▶ DIRECTIONS FOR THIS TASK: Copy the listing below in full and skip every picture.

▶ INPUT DATA:
*** Begin section ***

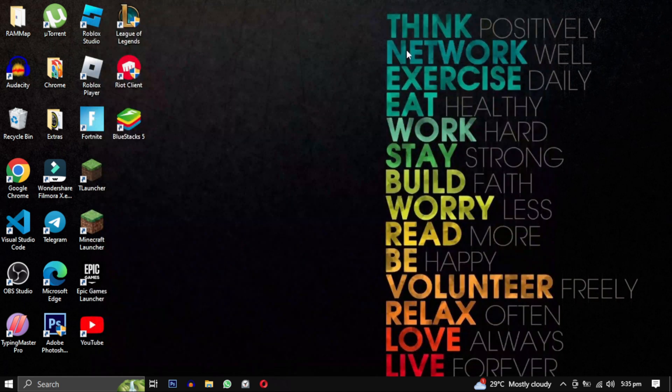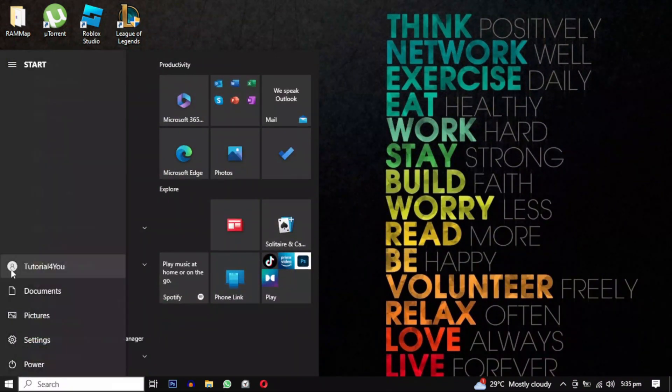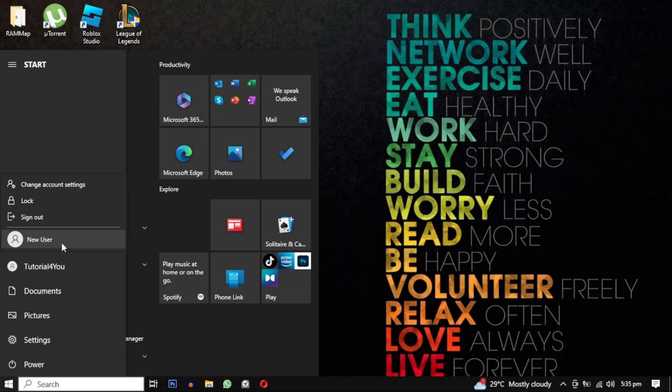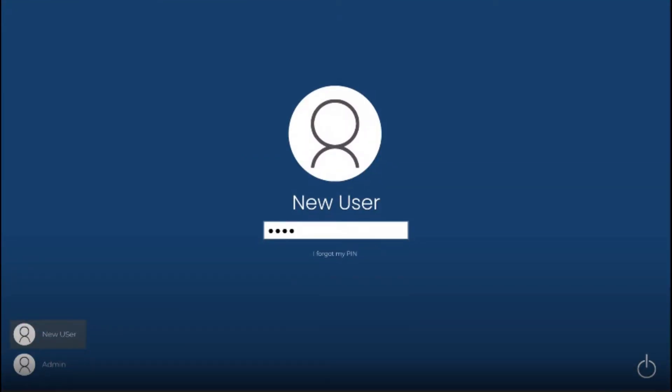Next, click on the Start menu and select your user icon to locate the newly created user account. Click on it and log in with the password you have provided. It will take a few minutes to set up the display, so please wait until it's done.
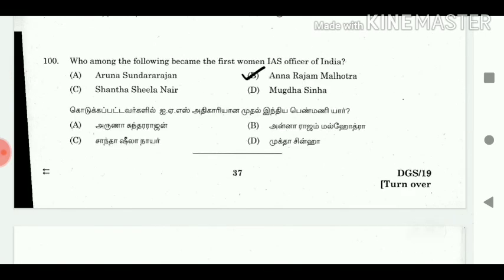100. Who among the following became the first woman IAS officer of India? Answer: Anna Rajam Malhotra.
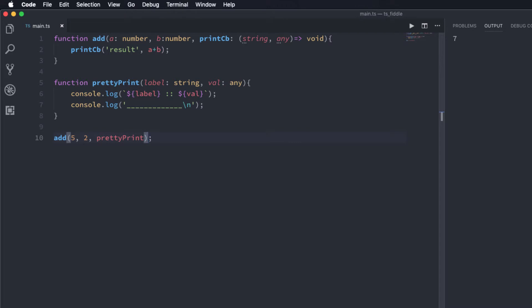Now if I run this you can see here that the add function uses the prettyPrint function for printing the result. So this is an example for callback functions in synchronous programming.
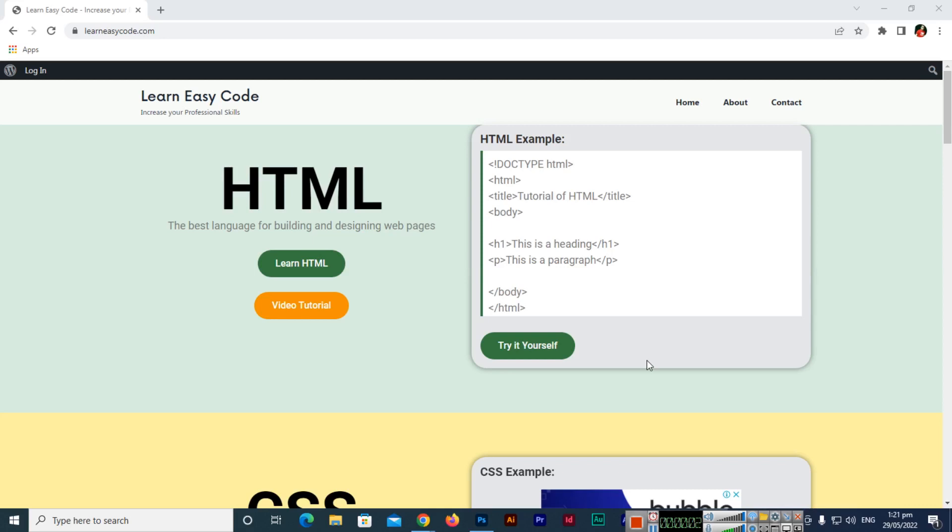Hello friends, today I will teach you how to view the mobile version of a website on Google Chrome browser. I have opened one of my websites, Learn Easy Code.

*** End section ***

▶ RESPONSE BOX:
Next, click on the Start menu and select your user icon to locate the newly created user account. Click on it and log in with the password you have provided. It will take a few minutes to set up the display, so please wait until it's done.
100. Who among the following became the first woman IAS officer of India? Answer: Anna Rajam Malhotra.
Now if I run this you can see here that the add function uses the prettyPrint function for printing the result. So this is an example for callback functions in synchronous programming.
Hello friends, today I will teach you how to view the mobile version of a website on Google Chrome browser. I have opened one of my websites, Learn Easy Code.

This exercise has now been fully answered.